2014

Ukrainische Interimsregierung wird eindringlich aufgefordert, ihre Verbindung zu den Maidan-Schützen zu erklären

KIEW, Ukraine, March 7, 2014 /PRNewswire/ --

Die ukrainische Interimsregierung steht unter Zugzwang: Der in einem abgehörten diplomatischen Telefongespräch gemachten Behauptung, dass es zur Opposition gehörende Scharfschützen gewesen sind, die während der kürzlichen Maidan-Proteste das Feuer auf Demonstranten eröffneten und mehrere Menschen töteten, soll im Rahmen einer unabhängigen Untersuchung nachgegangen werden.

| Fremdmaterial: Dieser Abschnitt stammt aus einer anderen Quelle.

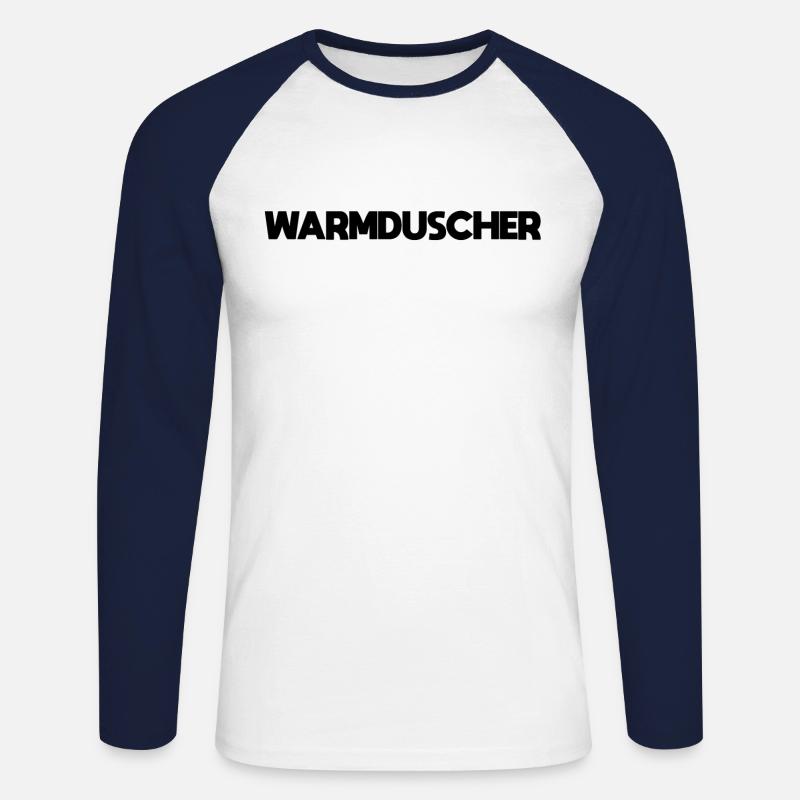 Warmduscher - Unisex Baseballshirt langarm - Weiß/Navy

Die Enthüllungen stammen aus einem elfminütigen Telefonat zwischen der EU-Außenbeauftragten Catherine Ashton und dem estnischen Außenminister Urmas Paet vom 25. Februar.

"Alle Beweise deuten darauf hin, dass die Menschen, die von Scharfschützen auf beiden Seiten getötet wurden, darunter Polizisten und auch die Menschen auf der Straße, dass sie von denselben Scharfschützen getötet wurden", erklärt Paet in dem mitgeschnittenen Telefonat, das Youtube zugespielt worden ist.

"Ja also ... das, das ist schrecklich", antwortete Ashton.

Paet berief sich dabei auf Dr. Olga Bogomolets, die auch Ashton bekannt ist. Die Ärztin hat in einer behelfsmäßigen Klinik inmitten von Kiew zahlreiche Opfer mit Schussverletzungen behandelt.

"Sie erklärte, als Medizinerin könne sie sagen, dass es sich um die gleiche Handschrift handelt, um die gleiche Art von Patronen. Es ist wirklich beunruhigend, dass die neue Koalition jetzt keine Untersuchung einleiten möchte, um zu erfahren, was genau passiert ist", so Paet.

"Es gibt immer stärkere Erkenntnisse darüber, dass hinter den Scharfschützen nicht Janukowitsch steckt, sondern jemand aus der neuen Koalition", ergänzte er.

Berichten zufolge habe Dr. Bogomolets im Anschluss an die blutige Auseinandersetzung einen Posten in der Interimsregierung abgelehnt, der ihr vom stellvertretenden ukrainischen Ministerpräsidenten für Humanitäre Angelegenheiten in Aussicht gestellt worden war.

In den vergangenen 24 Stunden hat Paet die Echtheit des Telefonats bestätigt. Zudem ergänzte er, dass nun eine Untersuchung folgen müsse - öffentlich und unabhängig von der aktuellen Interimsregierung. Obwohl der Druck auf Catherine Ashton zunimmt, lehnte ihr Amtssitz eine Stellungnahme bisher ab.

"Viele Menschen verlangen, dass in der Ukraine eine unabhängige Untersuchung durchgeführt wird. Die für die Verbrechen auf dem Kiewer Maidan verantwortlichen Personen müssen strafrechtlich verfolgt werden", so Paet.

Dabei stellte er auch klar, dass die ukrainische Öffentlichkeit seiner Meinung nach kein Vertrauen in Teile der ehemaligen Opposition habe, die in der Ukraine nun an der Macht ist: Die Menschen glauben, sie hätten "eine schmutzige Vergangenheit", ergänzte er.

Schätzungen zufolge fielen den Übergriffen auf dem Maidan über 100 Menschen zum Opfer. Der geschasste Präsident Wiktor Janukowitsch hatte bei einem öffentlichen Auftritt in der vergangenen Woche abgestritten, seinen Truppen befohlen zu haben, das Feuer auf ihre Landsleute zu eröffnen.